Next time you run your tap, try to imagine the source, and try to reconnect with it. You may not live as close to the source as I do, but try to ask yourself why. Why do you not live close to the source? Ponder that question for a while. You may be surprised at the answer. On the other hand you may not!

Fire

  • [archaic] Once thought to be one of four elements composing the universe (empedocles)
  • The process of combustion of inflammable materials producing heat and light and (often) smoke
  • The event of something burning (often destructive)

I don’t think any of us really know when man first discovered fire, but it would have been pretty amazing sight to witness. From a single spark came heat and light. It took several billion years of life on earth before we finally harnessed (by accident probably) the power that brings life to our planet every day – the power of the sun, before that. We would have been eating raw everything, and it would have been pretty cold in the northern hemisphere in winter!

Every minute of every day, the sun generates enough energy to sustain this planet. Too much heat and we would all die, too little, and life could not carry on. A pretty fine balance, wouldn’t you say?

Plant life is incredible on earth. They take in energy from the sun, and use it to split water from the ground into hydrogen and oxygen The hydrogen released from the water combines with carbon dioxide to make sugar, the fuel that the plant needs to grow. The final stage is the release of oxygen, which we all know, allows us to breathe. So without this process, enabled by the sun, we would all die.
I sit at my desk having washed my hands with solar powered hot water, well in this country it is only lukewarm, but it is enough to heat the water somewhat. Free energy from the sun? I like it!

Sorry to interrupt myself, but I must just quickly tell you this story.
Just last week I downloaded some designs for solar cookers from the internet, and it is amazing what you can do with a piece of cardboard, and some aluminium foil. Without getting into the technicalities here too much, you basically shape your cooker so it reflects heat onto a black pot, which you put into a clear oven bag.

On the website, I saw photographs of happy african women using their solar cookers, but I didn’t imagine it would work in england in may! How amazed I was, to come back and check on my risotto, two hours later, and find it had been cooked to perfection (the great thing is, the ovens do not burn the food, as the heat is much more gentle than a conventional oven. Since that day, I have cooked all manner of different food, including baked potatoes, curries, and bread!
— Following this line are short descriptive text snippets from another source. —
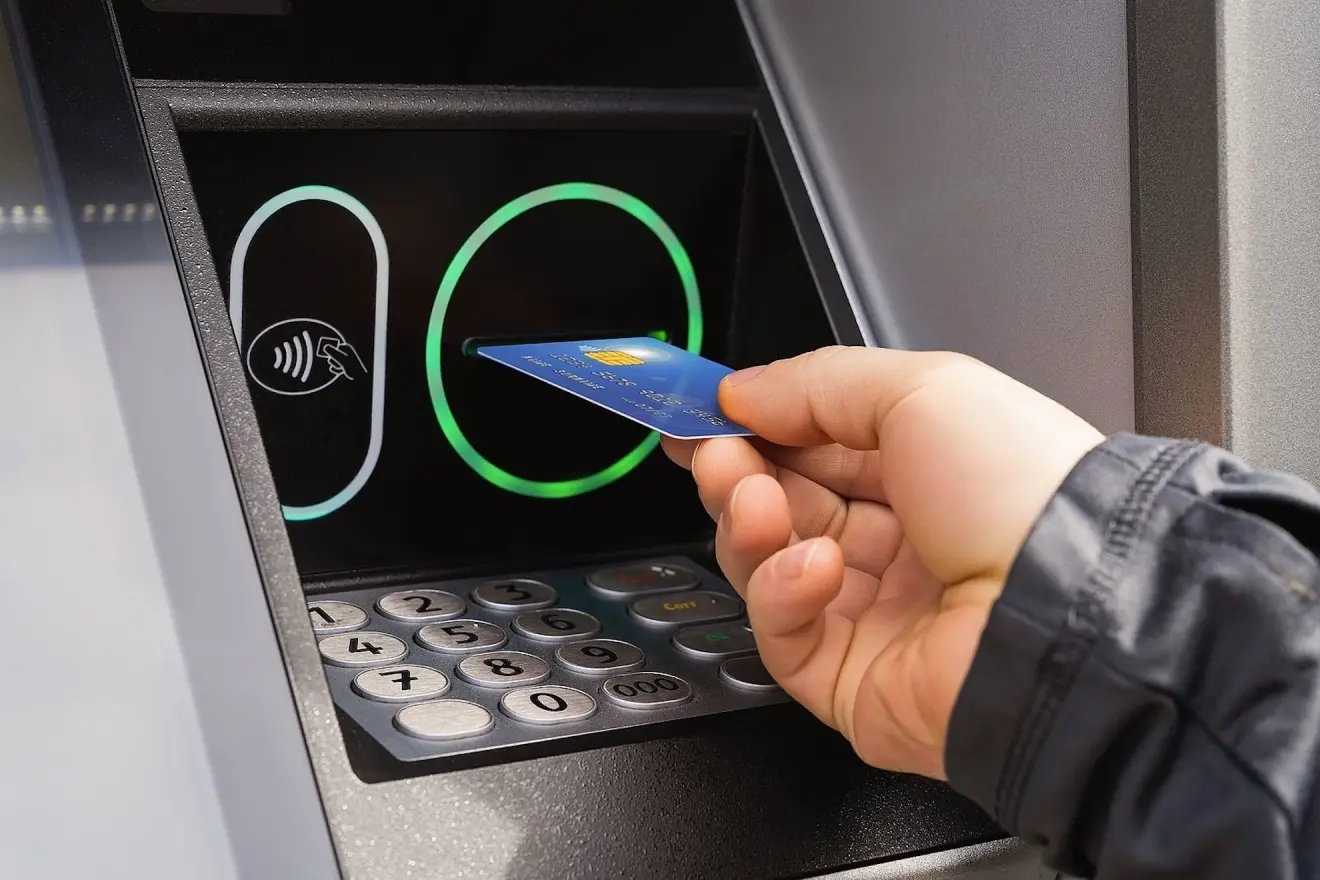 ¿Estás por viajar a España? A partir del 28 de junio, cambia la forma de sacar dinero en los cajeros: lo que todos deben saber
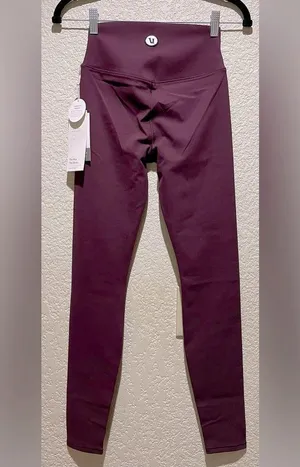 NWT Vuori Chilled Out Performance Legging in a Cerise Color Size S thumbnail 5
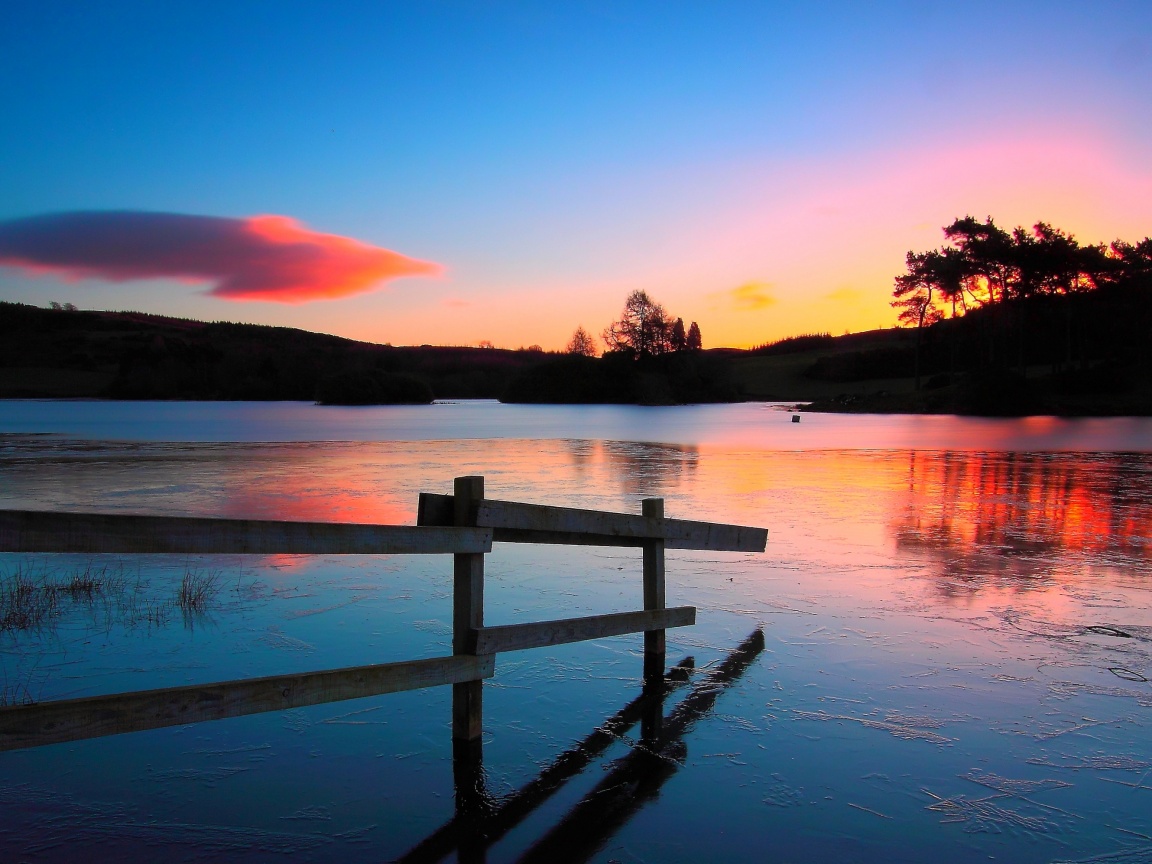 Красивый закат на озере обои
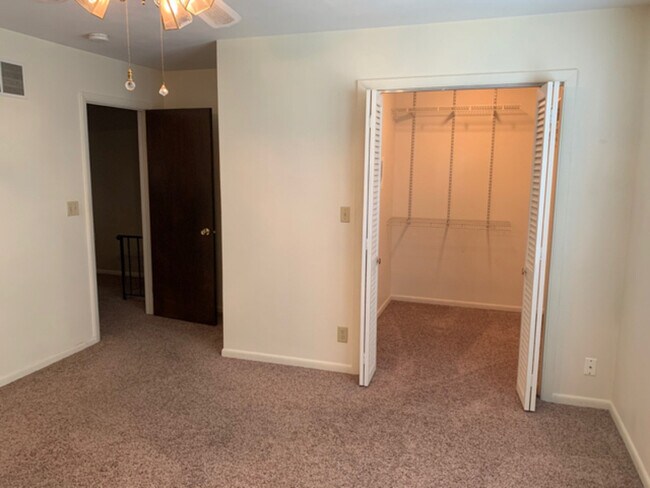 Building Photo - 6924 N Flamingo Ct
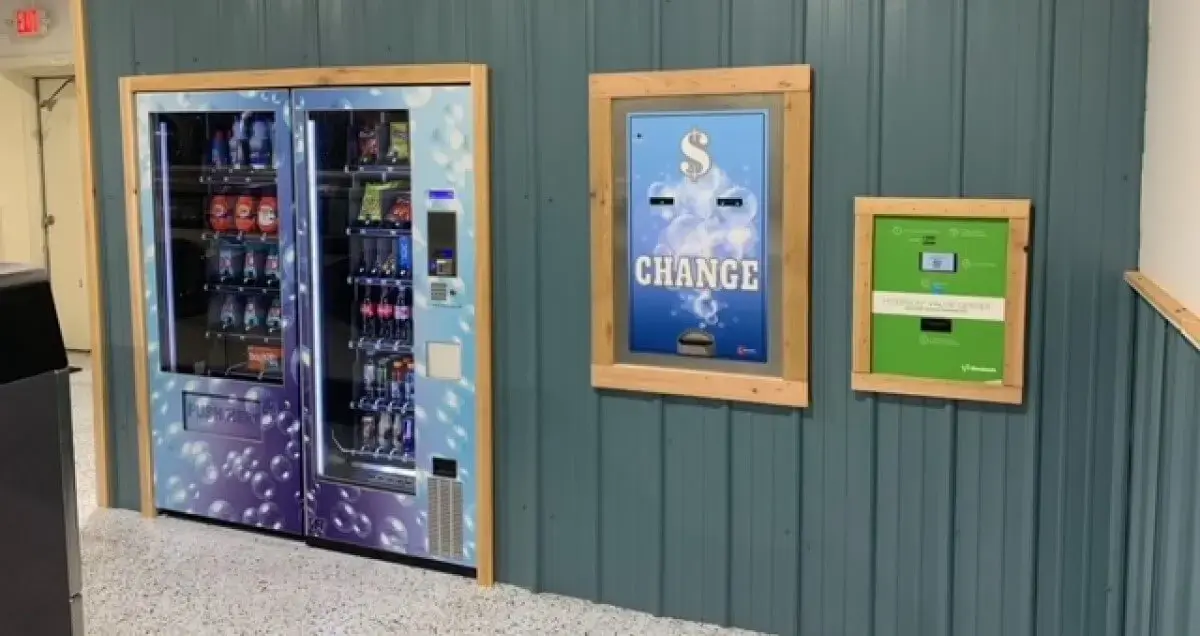 Elkhorn Express Laundromat - Image 12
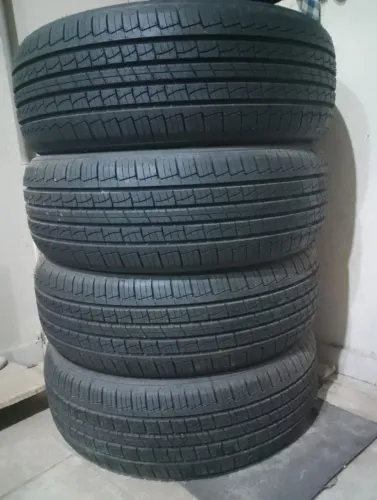 4 PNEUS NOVOS 215/55 R18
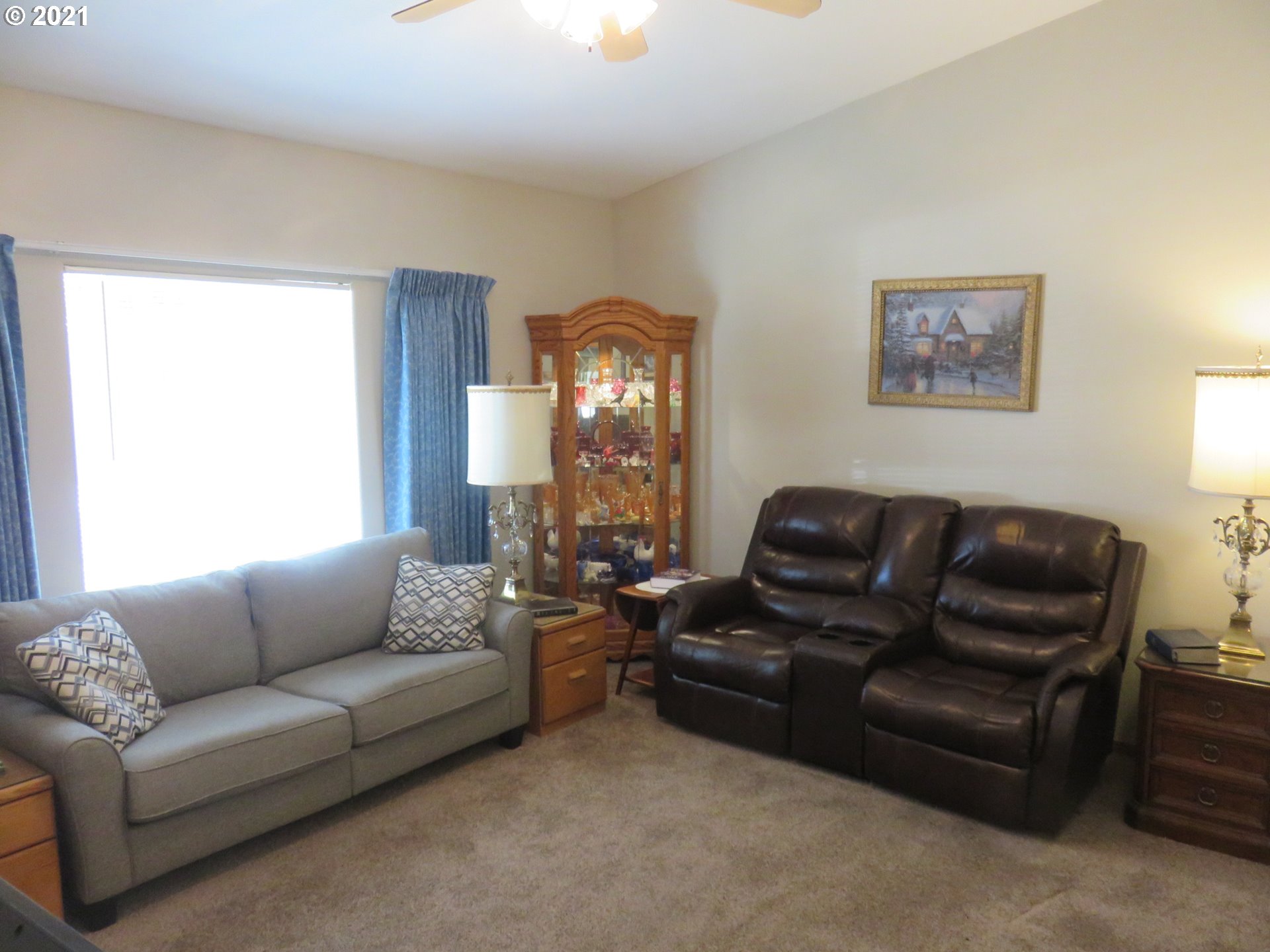 4563 Swegle Road Northeast Salem, OR 97301 - Photo 9 of 19 a living room with furniture and a large window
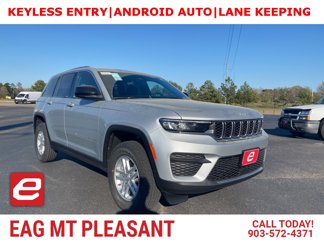 New 2025 Jeep Grand Cherokee Laredo image 1
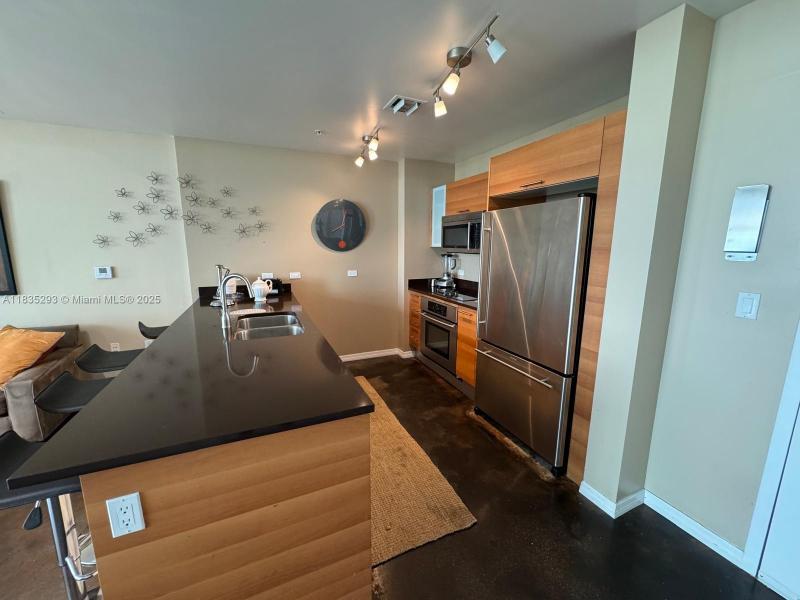 Property photo # 4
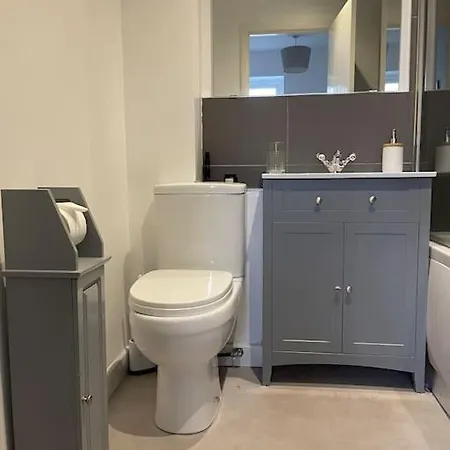 2 Bedroom House With Garden Holiday home Manchester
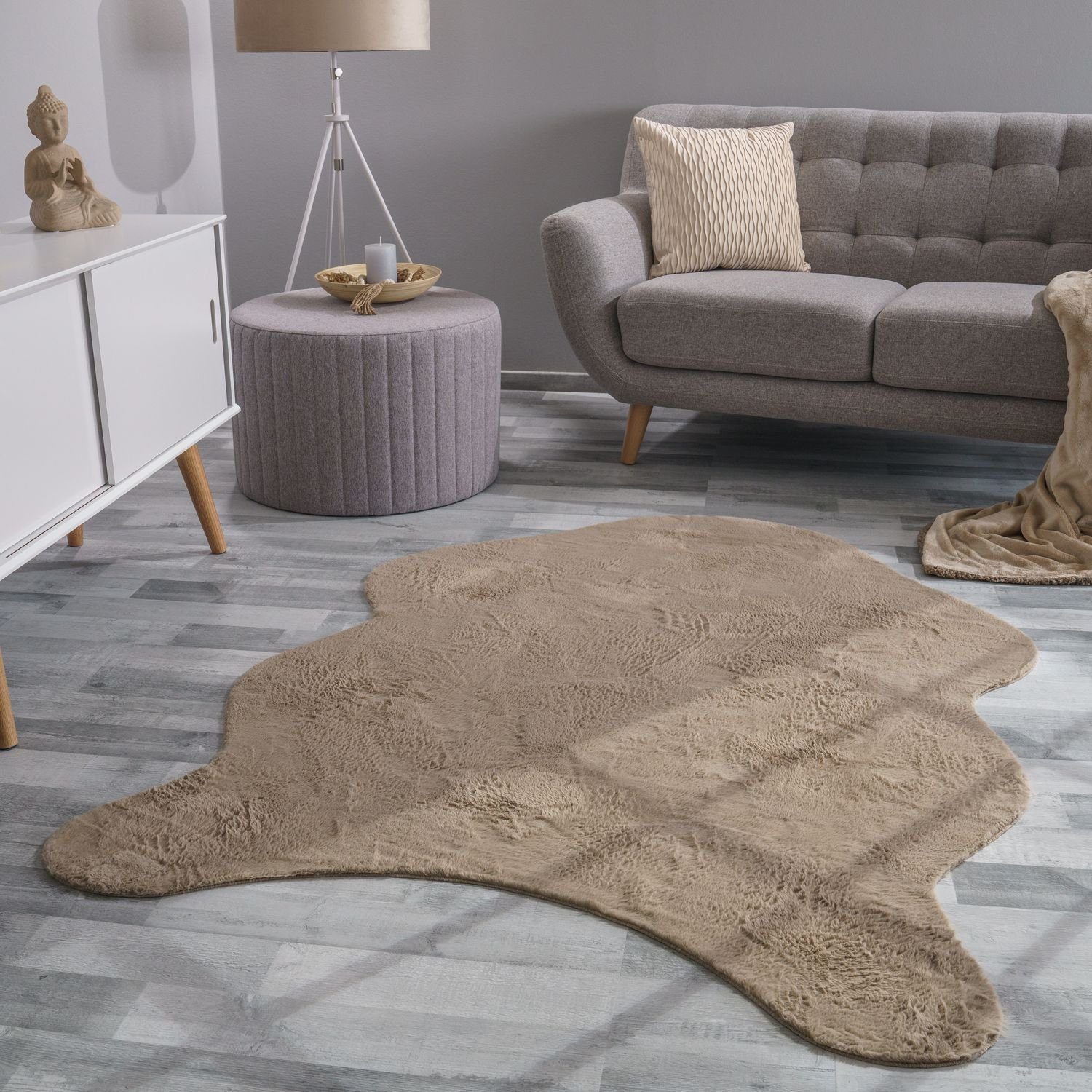 Teppich Wohnzimmer Teppich Unifarben Flauschig Modern Kunstfell Kurzflor,  TT Home, Fell-Form, Höhe: 16 mm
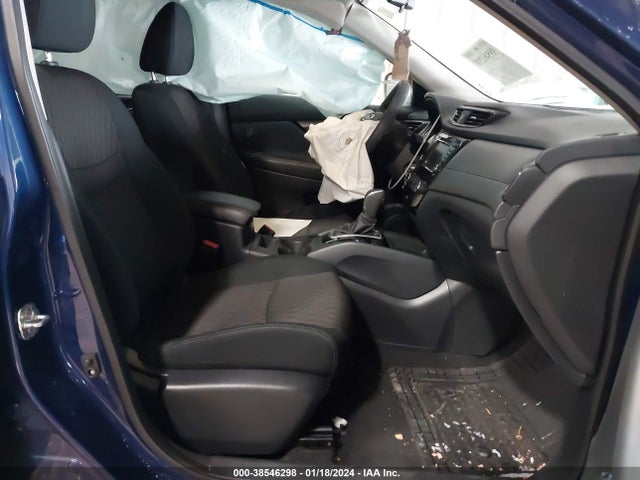 Nissan ROGUE S 2018 5N1AT2MV0JC717829 Image 5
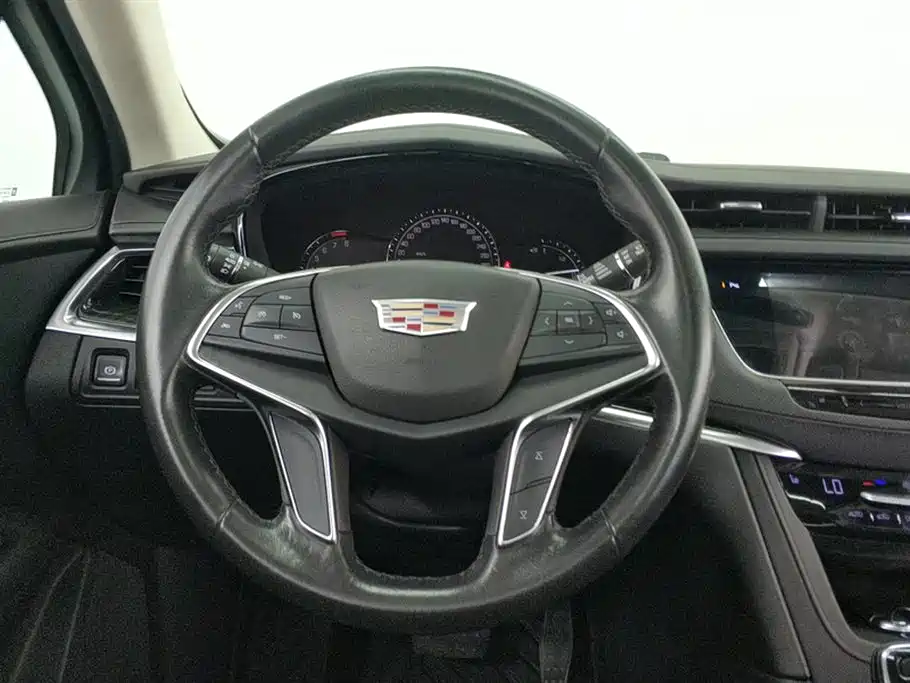 Cadillac XT5 2017 — фото 15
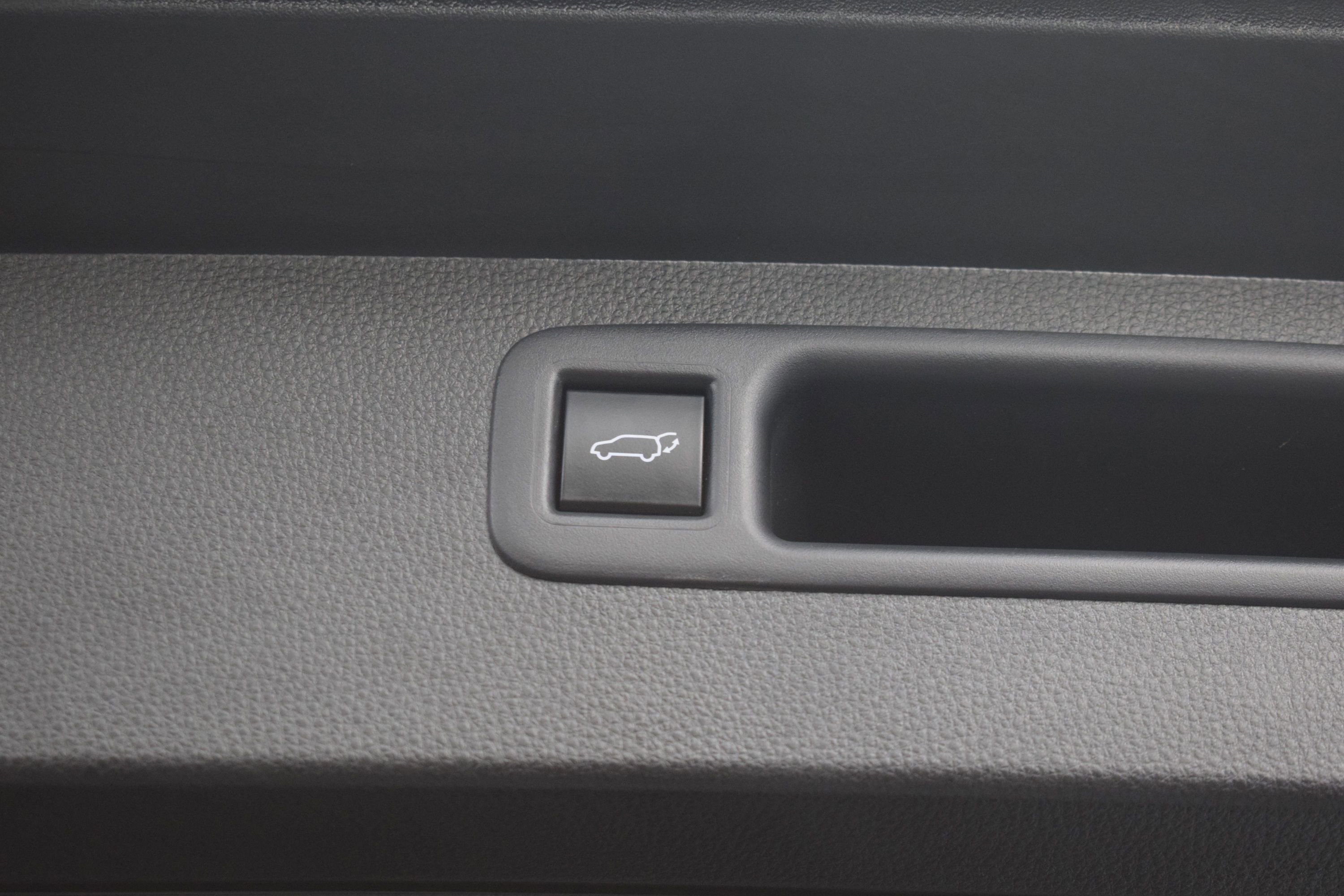 Used 2022 Toyota Highlander XLE AWD/4WD image 13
For something that was designed to help people in the poorest countries in the world, it was fantastic to use it in a country, which, although not desperate, needs to find better solutions to their energy problems.

Here I was, a westerner, cooking my lunch and dinner with the power of the sun. And do you know what the best thing about it was? The energy was free!

I now propose that we have an “international solar cooking day,” which I would be happy to help organise. You see, I think they were missing the point with these solar cookers, they aren’t only for people in desperate need of fuel to cook with, they are also fun, easy to use, and save huge amounts of energy.

We could get children from schools interested, and they can pester their parents!

We shouldn’t look at it as a “save the earth day, ” like those annoying environmental groups organise, we should see this as fun! Something that could take the place of the traditional family barbecue (which uses lots of natural resources by the way). It may be more difficult to grill things, but hey! You’re the most intelligent species on the planet, I’m sure you’ll figure out a way!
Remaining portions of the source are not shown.